The commission ruled that PPL Electric Utilities Corp. must purchase excess power from a proposed 18.1 MW combined heat and power plant because the utility failed to prove the QF facility would have “nondiscriminatory” access to PJM’s wholesale markets.
The order reiterated the commission’s 2006 Order 688, in which it said that QFs above 20 MW were presumed to have access to the wholesale markets and those below were presumed to lack that access. For generators below 20 MW, FERC said, the burden of proof falls on the utility in whose territory the facility is located.
The commission said PPL failed to meet that threshold in its dispute with the IPS Power Engineering Inc. cogeneration facility at a beef processing plant in Souderton, Pa.
JBS USA LLC, the meat processor, wants to team with IPS to control its power costs and ensure reliable supply. But the partners say the plant won’t be feasible without a contract to sell at least 10 years of its excess energy and capacity to PPL.

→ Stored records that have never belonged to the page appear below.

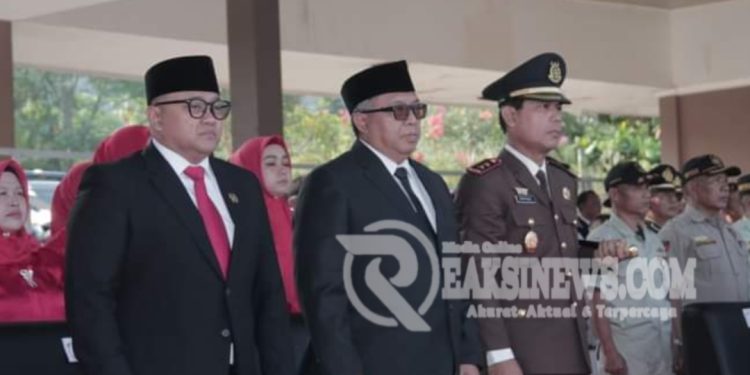 Bupati Ikuti Upacara Hut Ke- 78 Bhayangkara 2024, Tingkat Kab Sukabumi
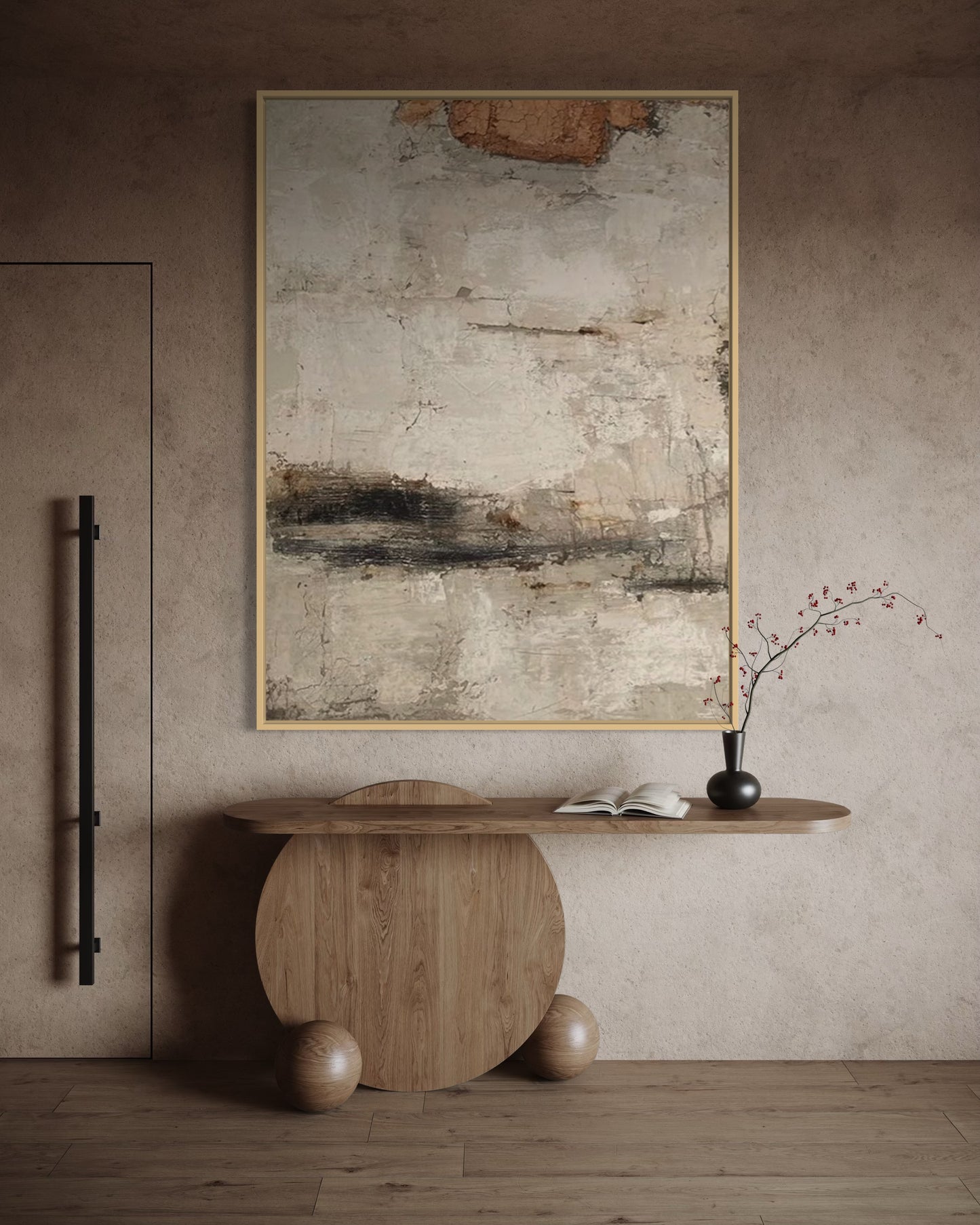 Minimalist Neutral Toned Painting CM#118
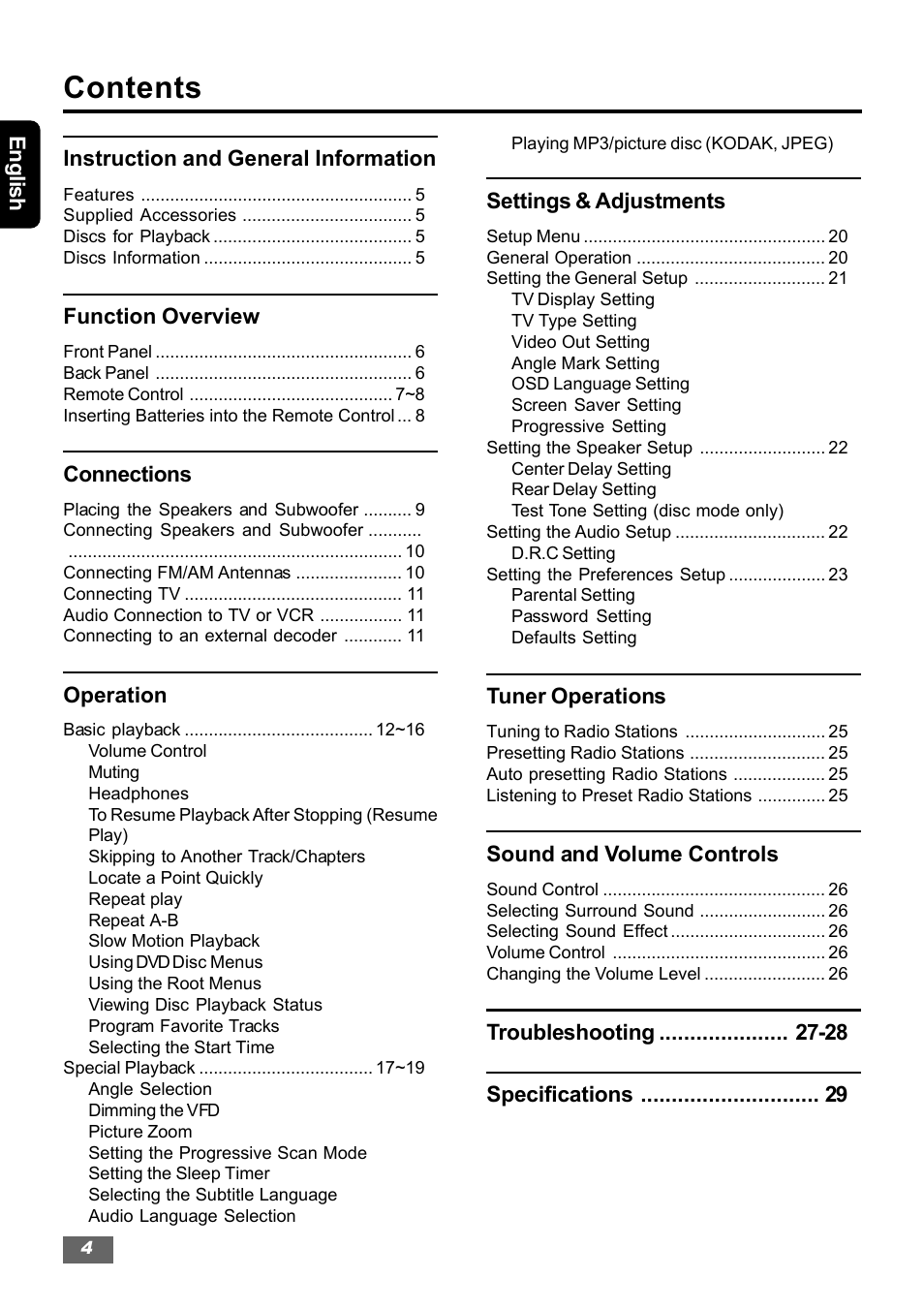 Insignia IS-HTIB102731 User Manual | Page 4 / 86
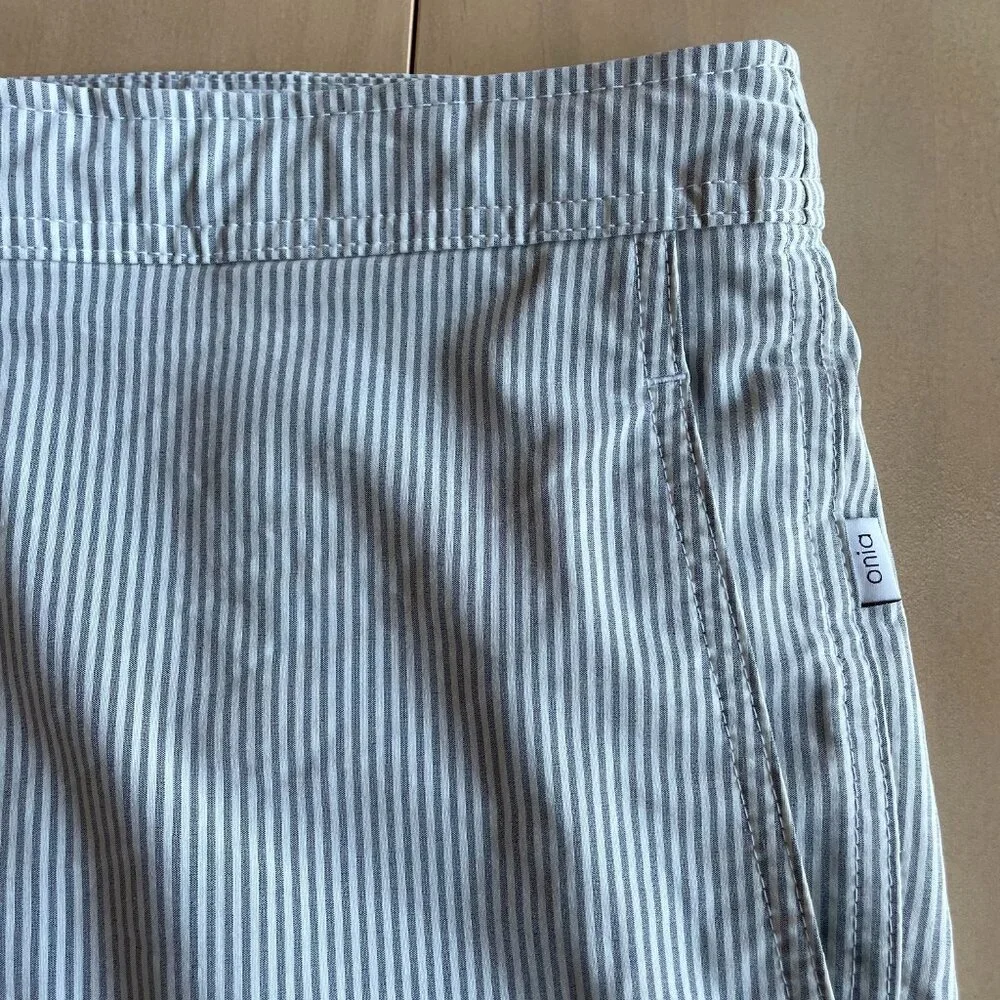Onia Men's Blue Striped Swim Trunks - Size‎ 34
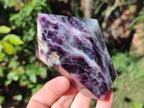 Polished Watermelon Fluorite Crystal Points x 3 From Uis, Namibia - Toprock Gemstones and Minerals 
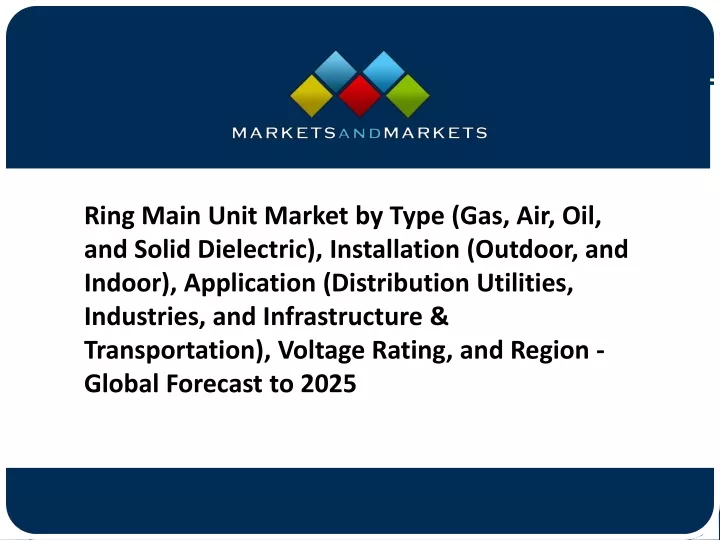 ring main unit market by type
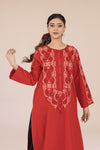 Crimson Sindhi Embroidered Kurta
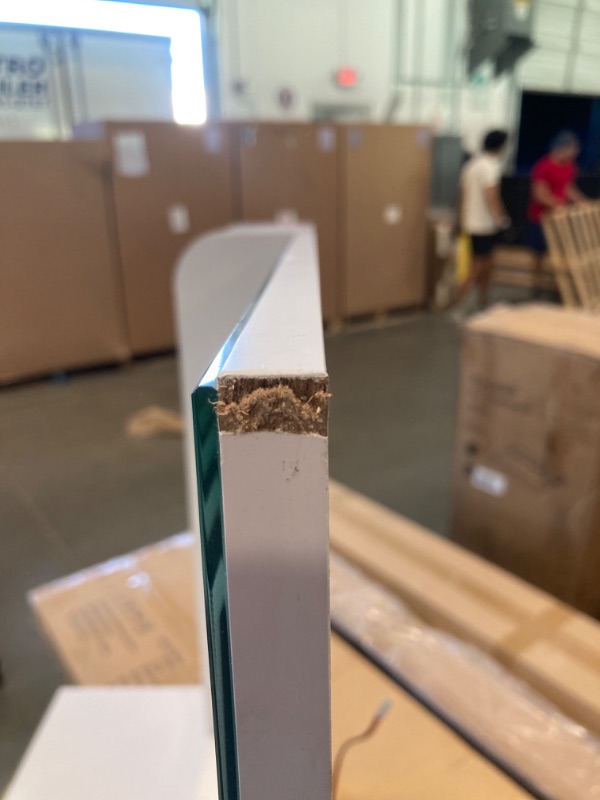 Photo 1 of ****missinng the mirror conector******* GarveeHome Makeup Vanity Desk with Mirror and Lights, Vanity Table with 5 Drawers, Vanity Set with Stool and Removable Side Storage Cabinet for Bedroom, White & Gold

The commission ruled that PPL “attempted to make many of the same generalized showings” that the it rejected in its 2010 Public Service Co. of New Hampshire order (131 FERC ¶ 61,027). “Specifically, PPL Electric alleges that the Souderton QF has nondiscriminatory access to PJM’s markets because PJM’s market rules provide such access, and that the Souderton QF will neither have operational characteristics nor face constraints that would definitionally prevent access to PJM’s markets.”
The commission’s ruling could affect many other utilities within PJM. According to PPL, there are 150 generation projects below 20 MW in PJM’s interconnection queue.
The 1978 Public Utility Regulatory Policies Act (PURPA) requires electric utilities to purchase the output of cogeneration and small power production qualifying facilities at their “avoided costs.” The Energy Policy Act of 2005 amended PURPA to allow termination of QF requirements if FERC finds that the QF has nondiscriminatory access to make market sales.
The commission has never granted any utility relief from the mandatory purchase obligation for a QF of 20 MW or smaller. Nor has it given much guidance regarding what kind of evidence would convince it.
Order 688 said such evidence could include whether the QF has already participated in the market. PPL could not make that showing, the commission acknowledged, because the Souderton QF has not begun operation.
And that, said Commissioners Philip Moeller and Tony Clark, is a problem. Although they acknowledged the order follows FERC precedent they said the commission should provide more guidance.
“While we concur with the overall finding in this order and agree that PPL’s application lacked certain QF-specific information required under the Commission’s regulations, such as a system impact study for the interconnection, we do not agree that the PJM market rules and planning process are irrelevant for purposes of determining QF-specific market access,” they wrote.
They said the standard of proof shouldn’t be “so high as to preclude a utility from successfully making a showing before the QF is fully operational and the utility is obligated to purchase.”
Such a “circular result,” they said, could “[render] meaningless the opportunity to rebut the presumption and obtain PURPA relief.”